Friday, January 8, 2010

No faith? An excuse, but not a good one.

Have you ever heard someone bemoan that they just didn't have any faith? Or not enough faith to do something they knew they needed to do, or to stop doing something they knew was wrong?

Usually, it comes in the form of an excuse for bad behavior or an excuse for doubting. Or in the circumstance of a Christian who is struggling to believe he or she is loved by God or is forgiven for some past sin.
I've been rereading one of my all time favorite books lately: Hannah Smith's The Christian's Secret of a Happy Life. The well-worn copy I'm reading belonged to my grandmother, Phoebe Kraus, and was passed to my mother, Mildred. I remember as a boy seeing my mother sitting in a chair, colored pencil in hand, underlining the words in a little green book and I was intrigued. Over the next few weeks I read the book for the first time, concentrating on the words highlighted by my mom and soon understood her enthusiasm. Smith was a Quaker and spoke in practical terms to regular people, not to intellectuals in the seminaries of the day.
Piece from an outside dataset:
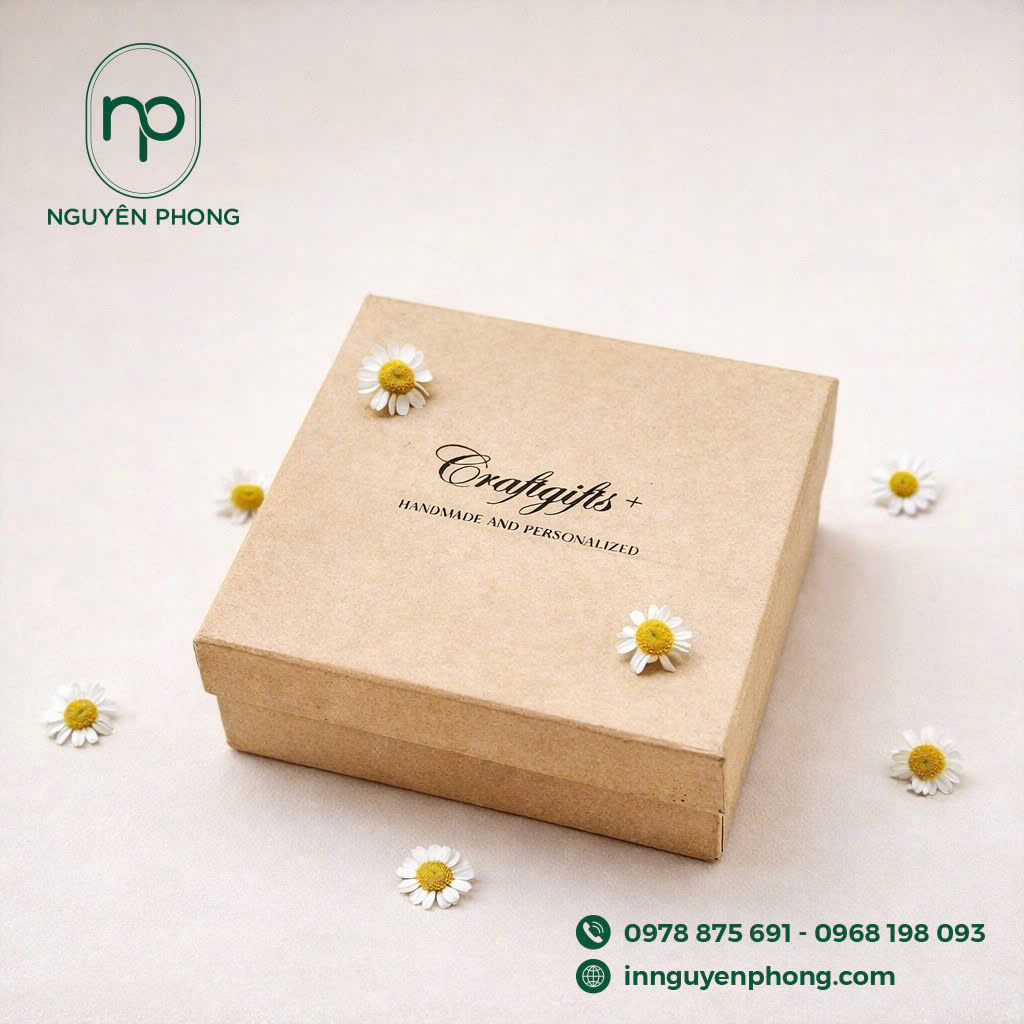 Mẫu hộp kraft đựng nến thơm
She wrote of the surrendered Christian life, a life of trusting instead of striving, a life of peace, where good works are the result of gratitude and not out of a mentality of working for salvation. In Smith's world of a gospel of grace, she experienced the "get to" rather than the "have to" of Christian service. She compares the life of bondage under the law (felt by many well-meaning Christians to be their cross to bear) to the life of liberty under the true Gospel. The life under the law was characterized by the word "if." The life under the Gospel is characterized by the word, "therefore."
Instead of thinking, "If I do this, He will love me more," we rest in the peace of knowing the "therefore of the Gospel." Think Romans 5: "Therefore being justified by faith we have peace with God..."
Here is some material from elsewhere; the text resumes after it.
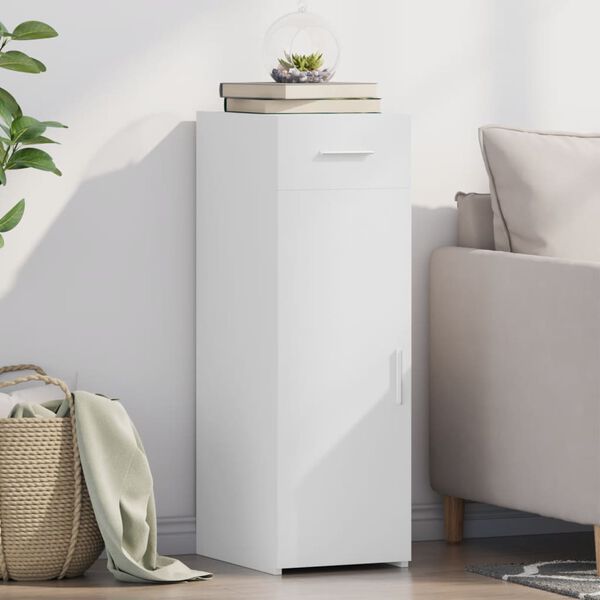 vidaXL Buffet blanc 30x42,5x93 cm bois d'ing&eacute;nierie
When she gets to a discussion of problem areas, Smith addresses this issue of not having faith. People are known to complain, "Oh I wish I could know that God really loves me, but I just don't have any faith."
Smith dismisses this wimpy attitude as a misunderstanding of reality. Oh really, you don't have any faith? What about when someone serves you a meal in a restaurant? You don't refuse to eat because you fear the food may have been poisoned, do you? Of course not! You enjoy a meal, having not seen it in preparation. That, Smith points out, takes faith. Or what of public transportation. You don't refuse a train or bus ride because you fear the conductor or driver will commit an intentional error. When you sit in a chair, you are showing faith: faith that the carpenter knew what he or she was doing when they constructed the furniture, faith that the chair will support you without allowing you to collapse in a heap on the floor. In any number of a thousand circumstances through the day, we reveal that we do indeed trust others. Smith's point: we do (you do!) walk in faith everyday. Yeah, pretty much every moment.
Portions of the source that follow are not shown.